1

Working with R, this is a real WTF:

R> f_string <- 'Sepal.Length ~ Sepal.Width'
R> l <- with(iris, lm(as.formula(f_string))) # works fine

R> f_formula <- as.formula(f_string)
R> l <- with(iris, lm(f_formula))
Error in eval(expr, envir, enclos) : object 'Sepal.Length' not found

Why does as.formula have to be inside the lm() call?
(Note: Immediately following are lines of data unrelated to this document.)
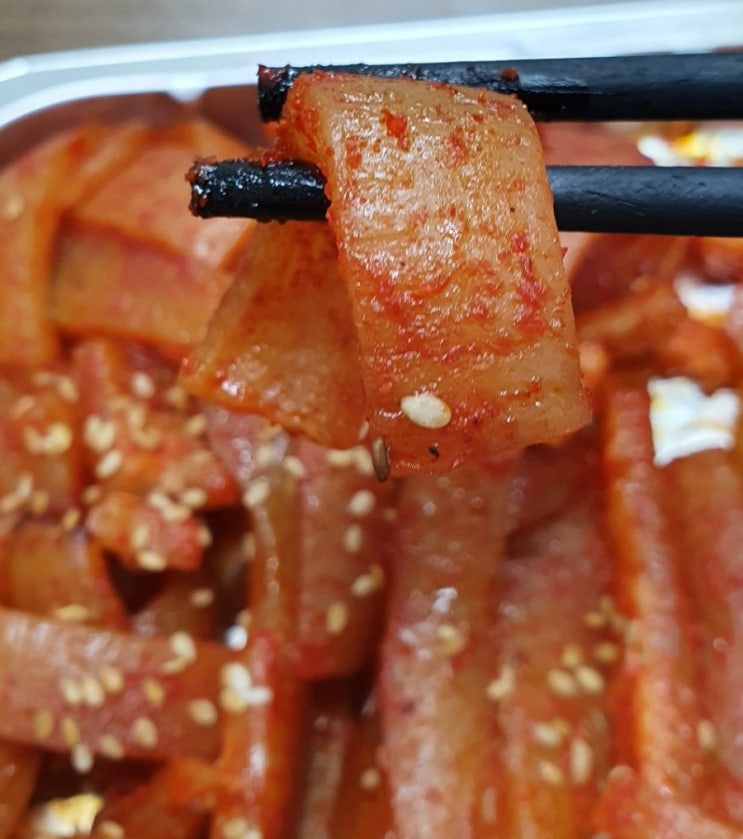  GS25 편의점 리뷰 나혼자 돼지껍데기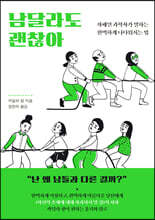 남달라도 괜찮아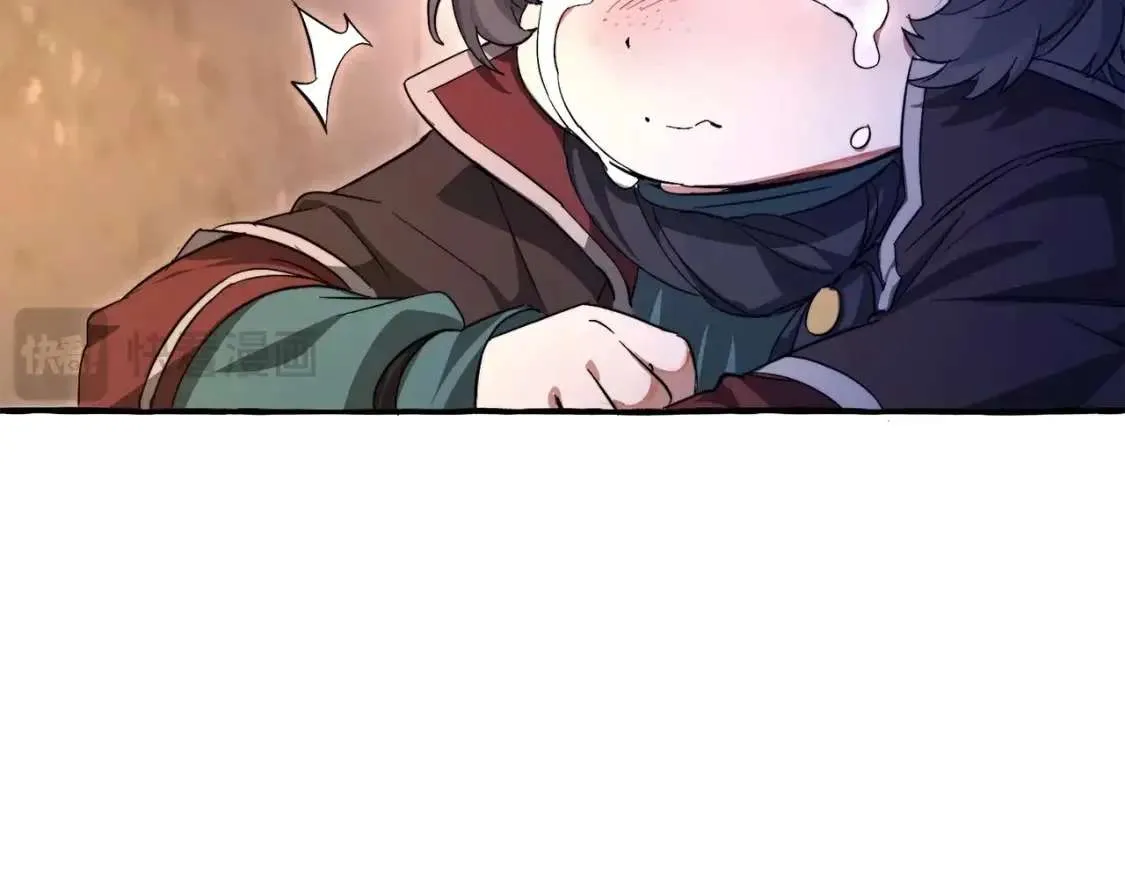 第100话 喵喵队上大分 第115页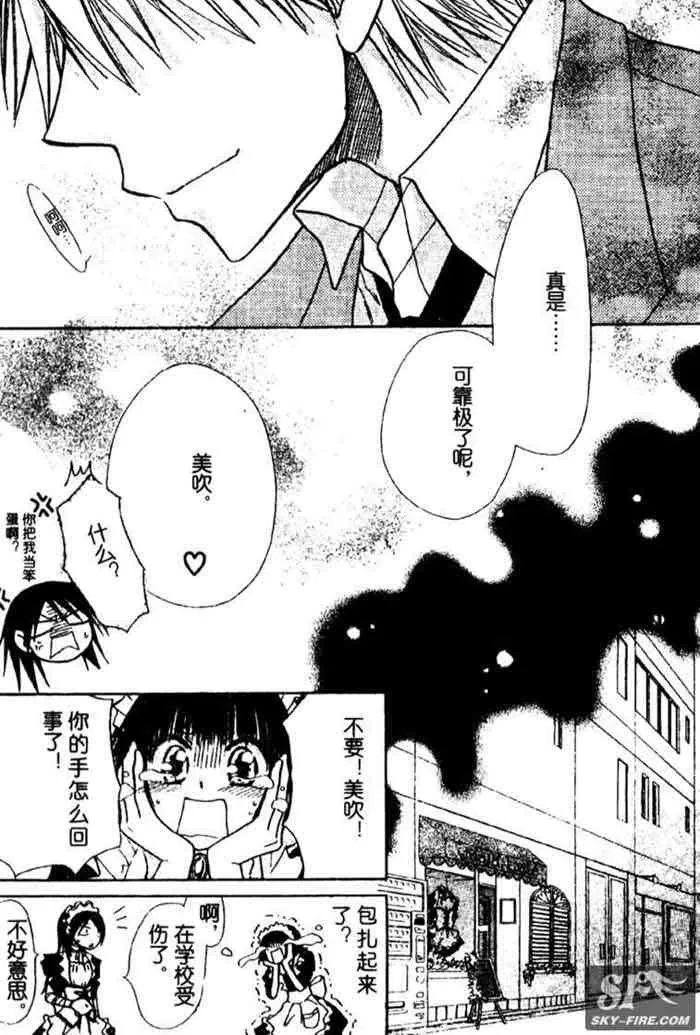 第10话 第25页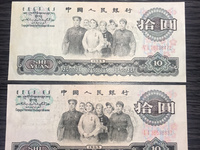 60版枣红1角值多少钱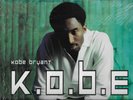 2000 Kobe Bryant K.O.B.E. Tyra Banks / THUG POET Nas 50 Cent Broady Boy  SEALED
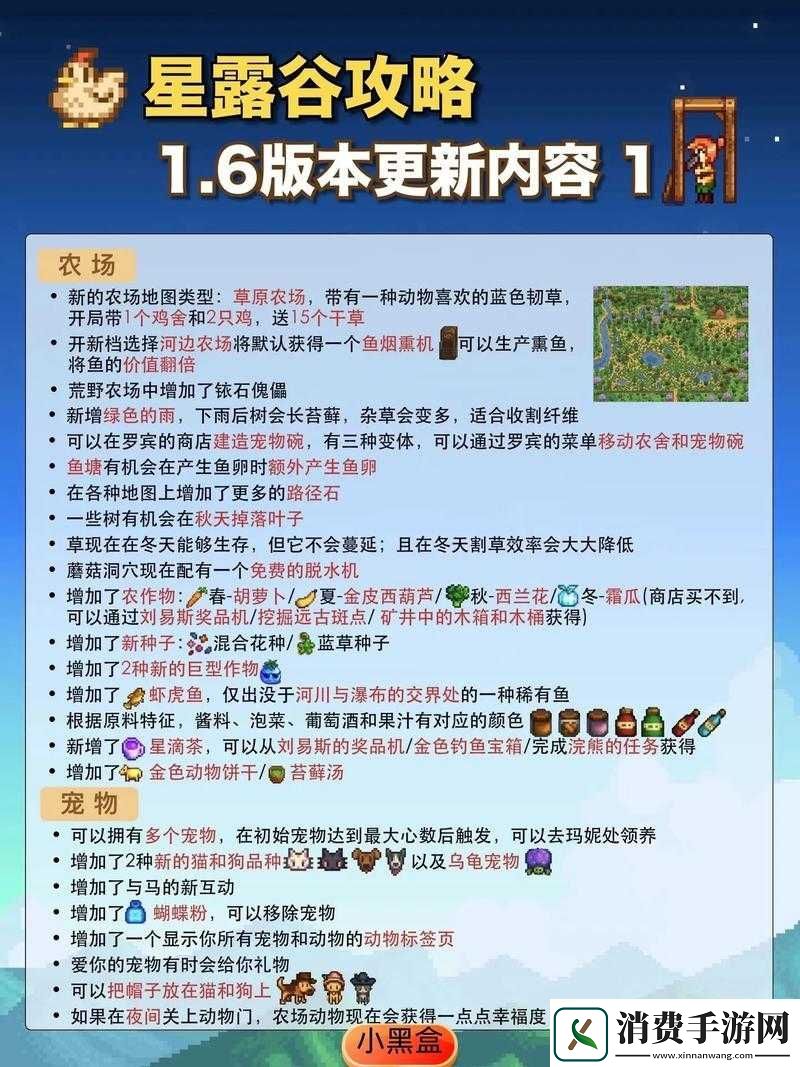 星露谷物语新版本游戏内容详细一览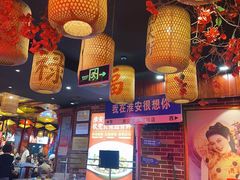 -淮安宴·淮扬菜(清河路一店)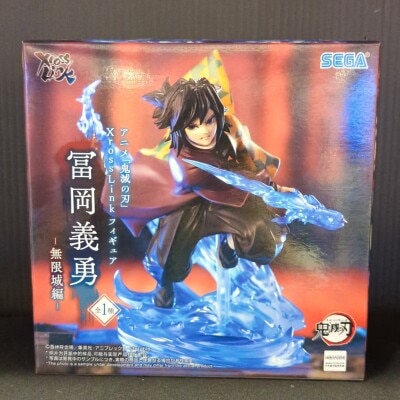 Sega XrossLink Figure Giyuu Tomioka -Infinity Castle- 画像 1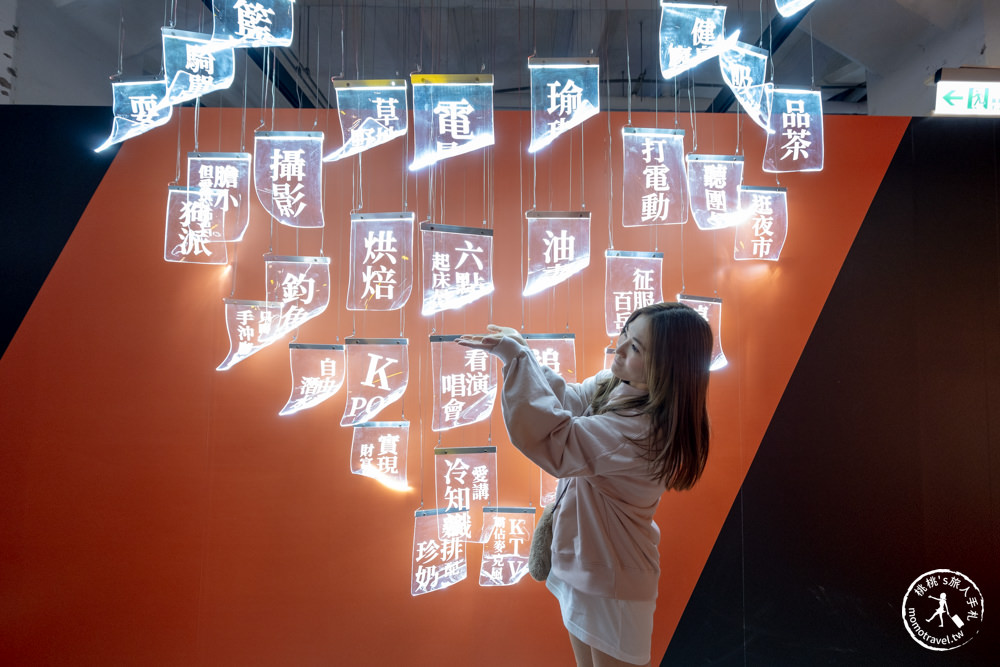 台北展覽|愛情有(無)進展 Love Hunt|科學分析大數據＋霞海城隍廟月老 助你脫單成功！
I get it that this is a question about which environment things are evaluated in, because this works:

R> f_formula <- with(iris, as.formula(f_string))
R> lm(f_formula)

but I'm having real trouble wrapping my head around why one works and the other one doesn't.

naught101
  • 18,687
  • 19
  • 90
  • 138
  • 1
    You might want to clean up your code and make it fully reproducible. However, looking at the code of `as.formula` I also don't understand it. I'd thought that either `as.formula(f_string, env=basenev())` or `as.formula(f_string, env=parent.frame())` should work (I expected the former), but only if the `env` is `missing` it works. (I hope you know that you shouldn't use `with` here. `lm` and friends have a `data` argument for a reason.) – Roland Sep 04 '14 at 07:52
  • @Roland whoops, accidentally left some cruft in there.... – naught101 Sep 04 '14 at 08:03
  • @Roland: totally true about the `data=` arguement, too. It lets `lm()` take strings fine, so I can avoid the whole question. Still, it's interesting, as a compsci neophyte :) – naught101 Sep 04 '14 at 08:12

1 Answers1

2

Your failing example fails because you are creating the formula with the global environment:

> f_formula <- as.formula(f_string)
> l <- with(iris, lm(f_formula))
Error in eval(expr, envir, enclos) : object 'Sepal.Length' not found
> str(f_formula)
Class 'formula' length 3 Sepal.Length ~ Sepal.Width
  ..- attr(*, ".Environment")=<environment: R_GlobalEnv> 

and there's no Sepal.Length there. If you create the appropriate objects in the global environment you can make it work:

> Sepal.Length=1:10
> Sepal.Width=runif(10)
> l <- with(iris, lm(f_formula)) # "works" (ie doesn't error)

But that is completely ignoring the iris data. Welcome to the world of annoying R behaviour.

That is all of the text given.